• _Supplied information_:

[Start of section]

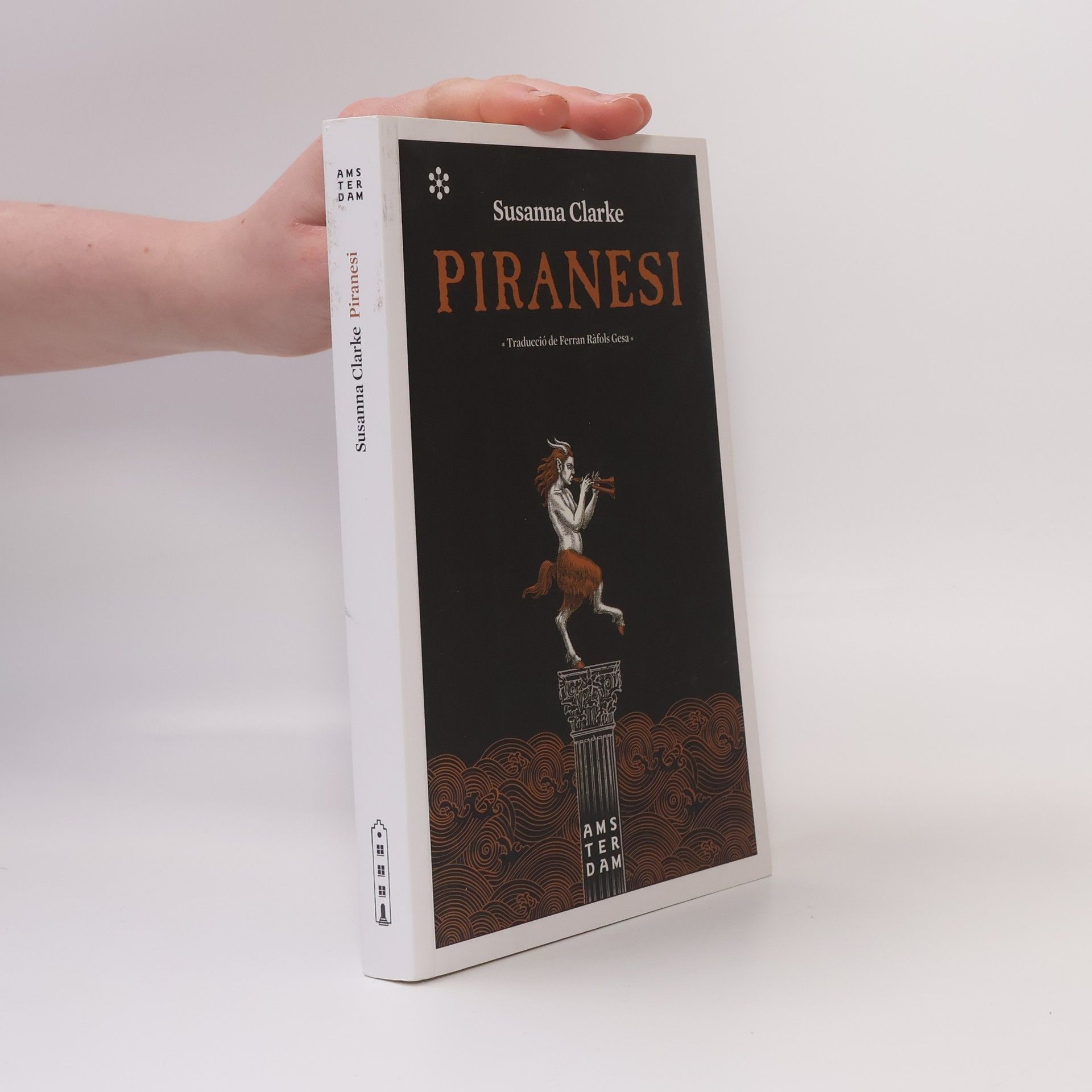 Susanna Clarke Piranesi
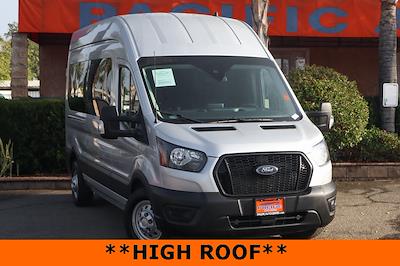 Used 2021 Ford Transit 350 XLT High Roof AWD, Passenger Van for sale #53970 - photo 2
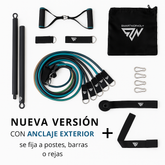 SmartWorkout® EL MEJOR KIT DE RESISTENCIA DE FUERZA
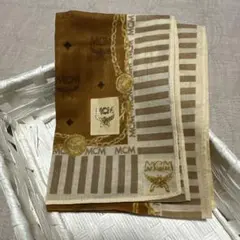 MCM ハンカチ ブラウン チェーン柄のサムネイル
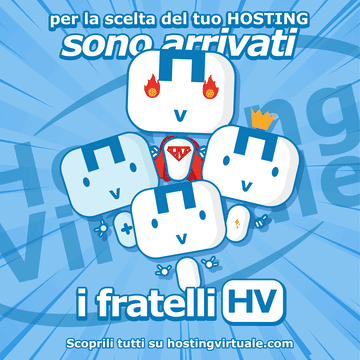 Scopri il nuovo Hosting cPanel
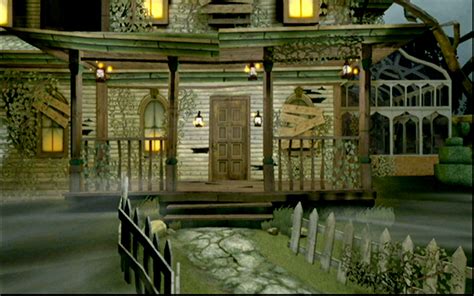 I SPY Spooky Mansion (Wii) Screenshots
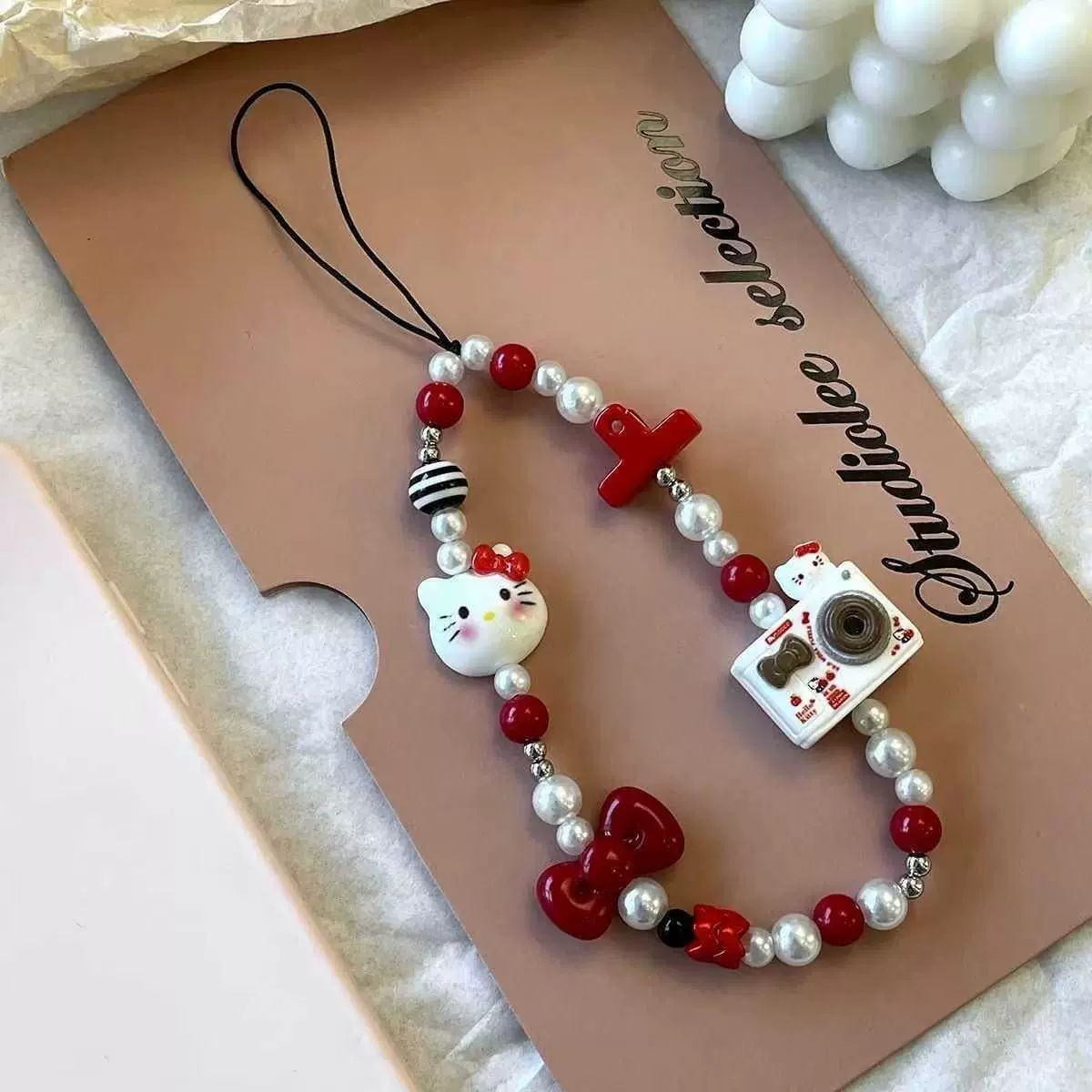 Tali Gantungan Ponsel Anti-Hil - Women Bags For Gift ulasan dan harga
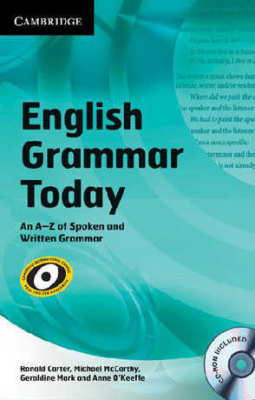 Фото - English Grammar Today Book with CD-ROM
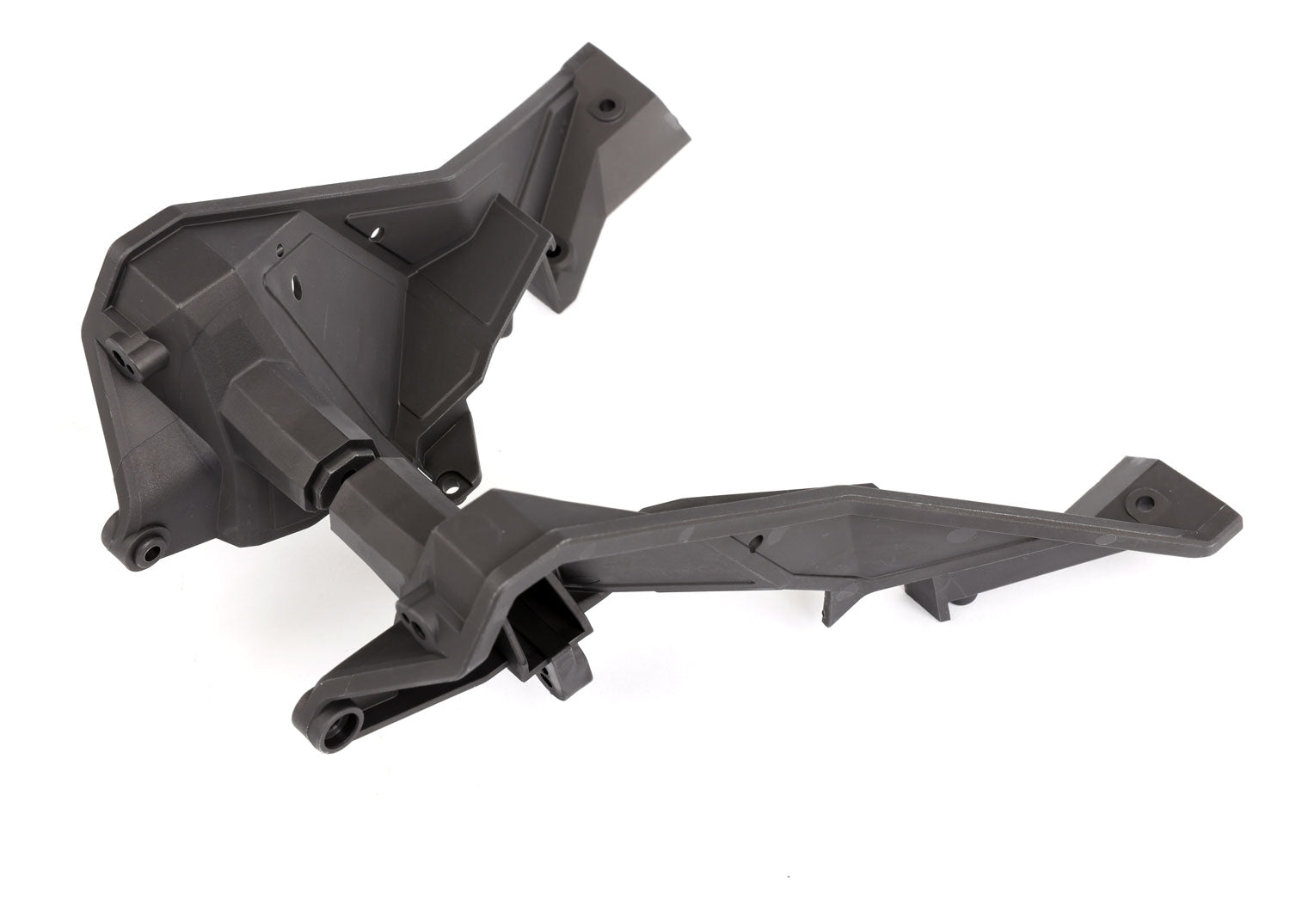 Traxxas 7839 Shock tower, front (left & right halves) XRT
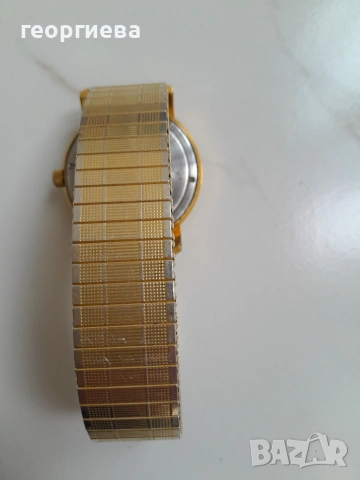 много красив и запазен съветски позлатен Восток, снимка 5 - Антикварни и старинни предмети - 53708864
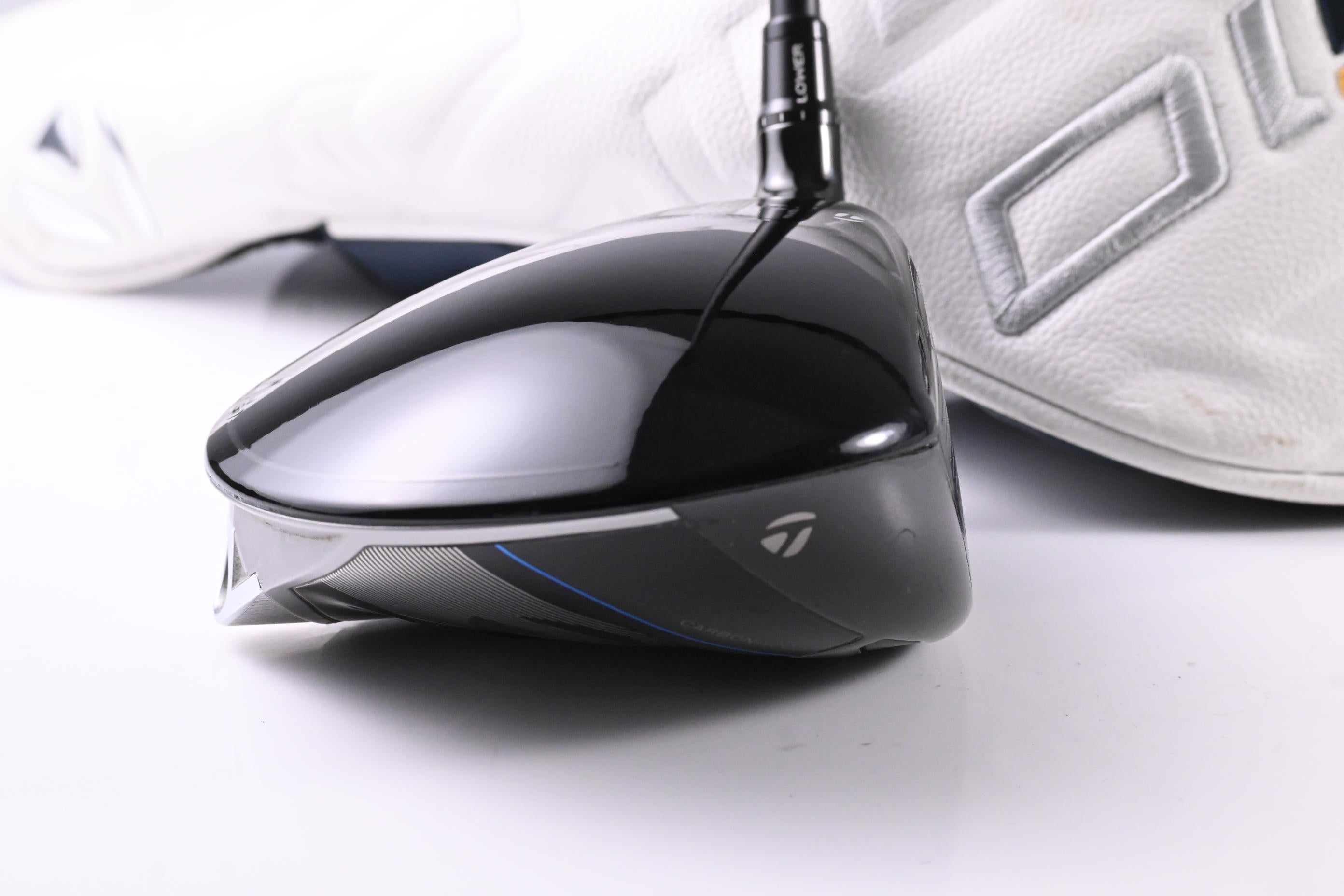 Taylormade Qi10 LS Driver / 9 Degree / Stiff Flex Fujikura Ventus Blue '25 5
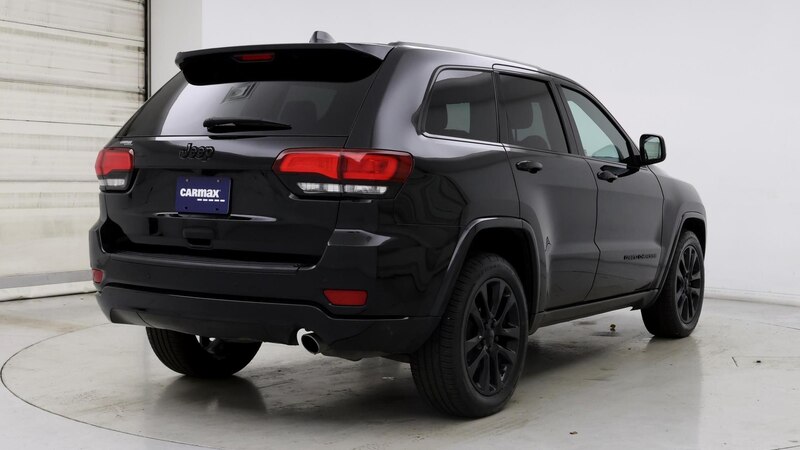 2019 Jeep Grand Cherokee Altitude 8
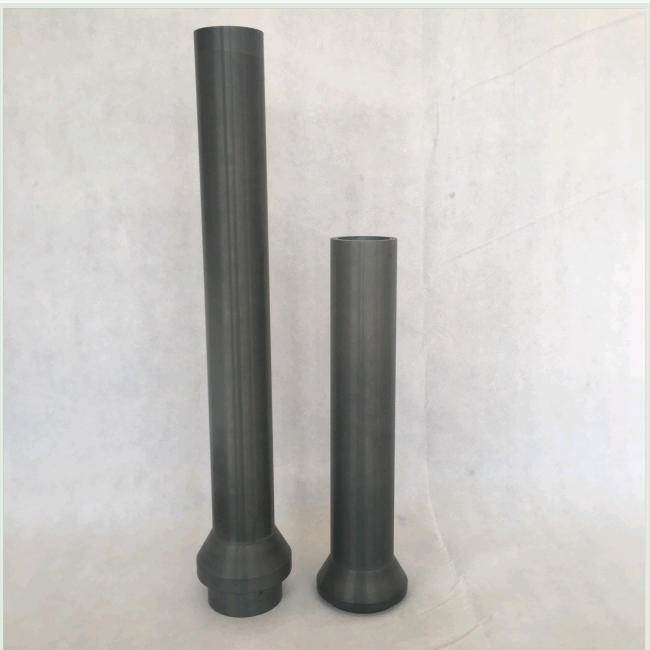 High Temperature Silicon Nitride Riser Tube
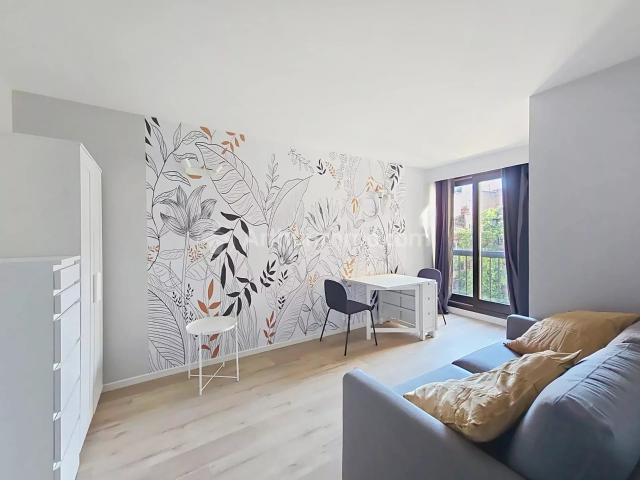 Location Appartement 1 pièce 20m² CLERMONT FERRAND 63000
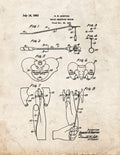 Patent Blueprint 2690 1 12 A4 Photo Print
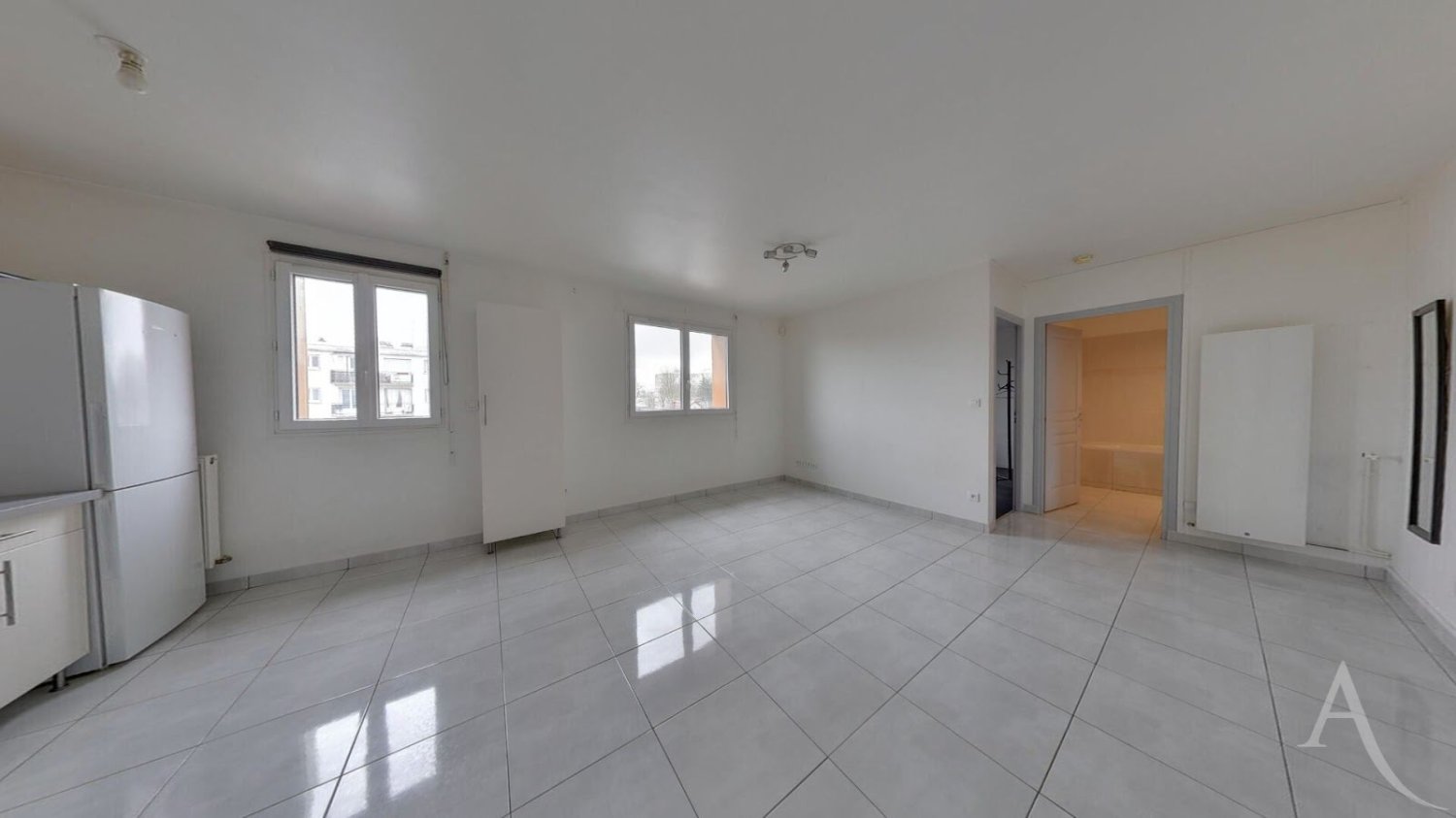 1 chambre Appartement à Montreuil, France No. 164834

[End of section]

• _What this task involves_:
Restate exactly the lines that start at the "High Temperature Silicon Nitride Riser Tube" line and end with the last line of the material above, leaving out the pictures.

• _Result of the task_:
 High Temperature Silicon Nitride Riser Tube
 Location Appartement 1 pièce 20m² CLERMONT FERRAND 63000
 Patent Blueprint 2690 1 12 A4 Photo Print
 1 chambre Appartement à Montreuil, France No. 164834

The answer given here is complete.